The aim of principal component analysis (PCA) is to summarize the latent similarity structure of data observed in high dimensional space by projecting the data into a smaller dimensional space.

However, classical PCA has the following problem. Since the classical PCA is based on orthogonal projection, the metric projection defined in convex space, which is the data space, is non-expansive. Therefore, a norm between two projected objects in a smaller dimensional space is inevitably smaller than the norm between the corresponding pre-projected two objects in a high dimensional space. The root cause of this problem is that PCA only focuses on minimizing the sum of square of distances from objects in a high dimensional space to a hyper plane in a lower dimensional space, and does not consider similarities among objects in a high dimensional space.

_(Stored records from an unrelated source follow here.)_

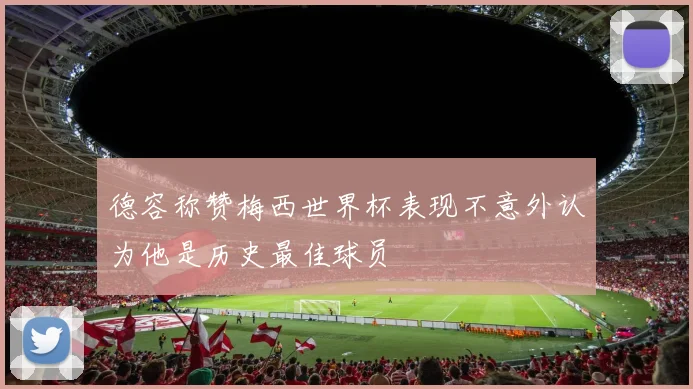 德容称赞梅西世界杯表现不意外认为他是历史最佳球员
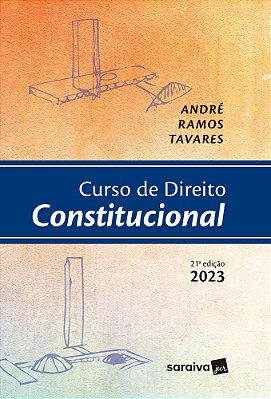 Curso De Direito Constitucional - 21ª Edição 2023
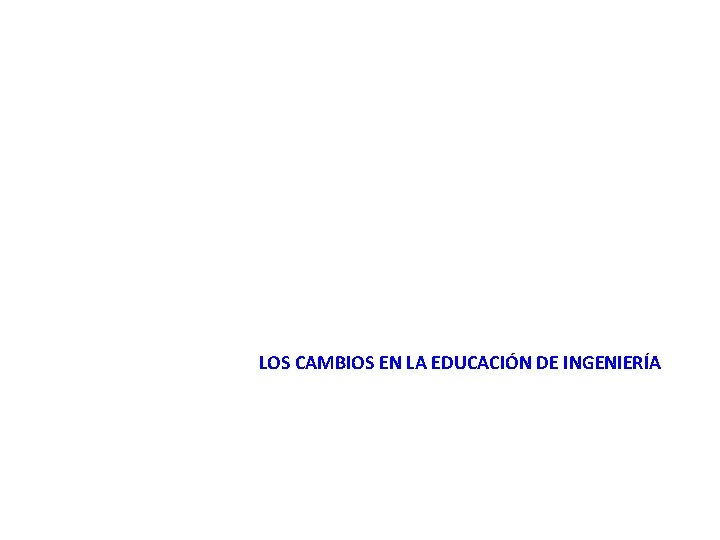 LOS CAMBIOS EN LA EDUCACIÓN DE INGENIERÍA 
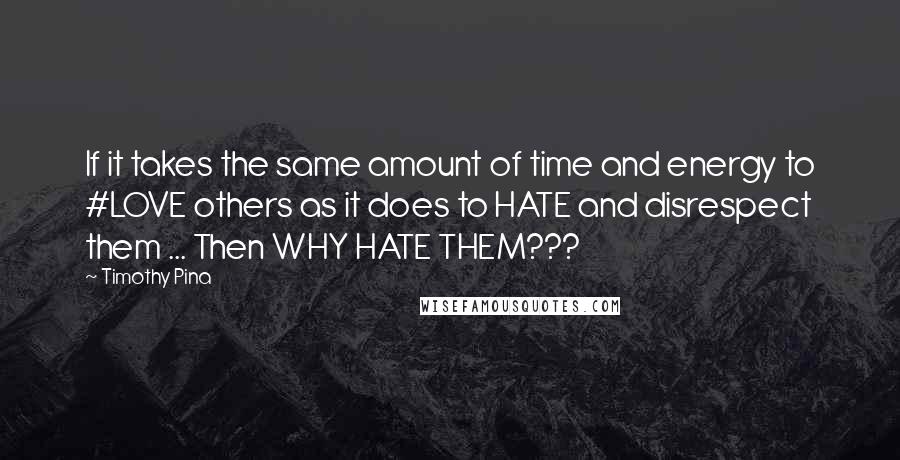 Timothy Pina Quotes: If it takes the same amount of time and energy to #LOVE others as it does to HATE and disrespect them ... Then WHY HATE THEM???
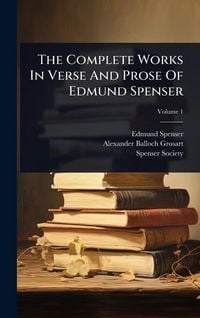 Produktbild: The Complete Works In Verse And Prose Of Edmund Spenser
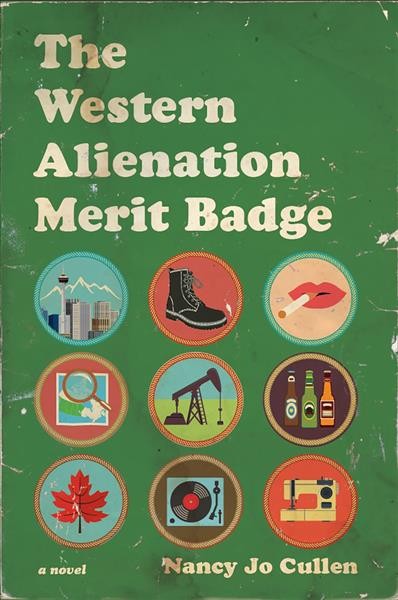 The western alienation merit badge : a novel / Nancy Jo Cullen.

In order to solve this problem, we extract the similarity structure of objects in a high dimensional space by using a fuzzy clustering method and by tacking the result to the PCA, and we propose a new PCA considering the similarity structure of objects in a high dimensional space. When the projected space is obtained using a covariance matrix, we use a weighted covariance matrix which involves the contribution degree for the fuzzy classification structure of objects, based on dissimilarity of objects in the higher dimensional space.

Our target data in this study is high dimension low sample-size data. In order to obtain an adaptable classification structure for this type of data, we exploit a method to detect subgroups of objects that cluster on subsets of variables. The merit of this method is to select the significant variables by simultaneously considering two structures which include a structure of the degree of classification and a structure of objects. Since our goal is to extract the classification structure of the data, the involvement of the factor of classification structure at each variable is crucial.

References:

J.H. Friedman and J.J. Meulman, Clustering Objects on Subsets of Attributes, Journal of the Royal Statistical Society, Series B, vol. 66, pp. 815-849, 2004.

M. Sato-Ilic, A Cluster-Target Similarity Based Principal Component Analysis for Interval-Valued Data, 19th International Conference on Computational Statistics, Physica-Verlag, pp. 1605-1612, 2010.

Keywords: Principal Component Analysis; Fuzzy Clustering; Variable Selection; High Dimension Low Sample-Size Data

Biography: I received my Doctorate of Engineering from Hokkaido University, specializing in data mining including fuzzy data analysis. I currently hold the position of Associate Professor in the Faculty of Systems and Information Engineering, at the University of Tsukuba.

I am a Council of the International Association for Statistical Computing, and a Director of the Japan Statistical Society. I am a Senior Member of the IEEE and a vice chair of the IEEE Computational Intelligence Society Fuzzy Systems Technical Committee. In addition, I have held several other positions in the IEEE including, vice program chair, special sessions co-chair, and publicity chair for several international conferences. Presently, I am the editor-in-chief of the International Journal of Knowledge Engineering and Soft Data Paradigms. My research interests include the development of methods for multi-dimensional data analysis, pattern classification, and data mining based on soft computing for which I have received several academic awards.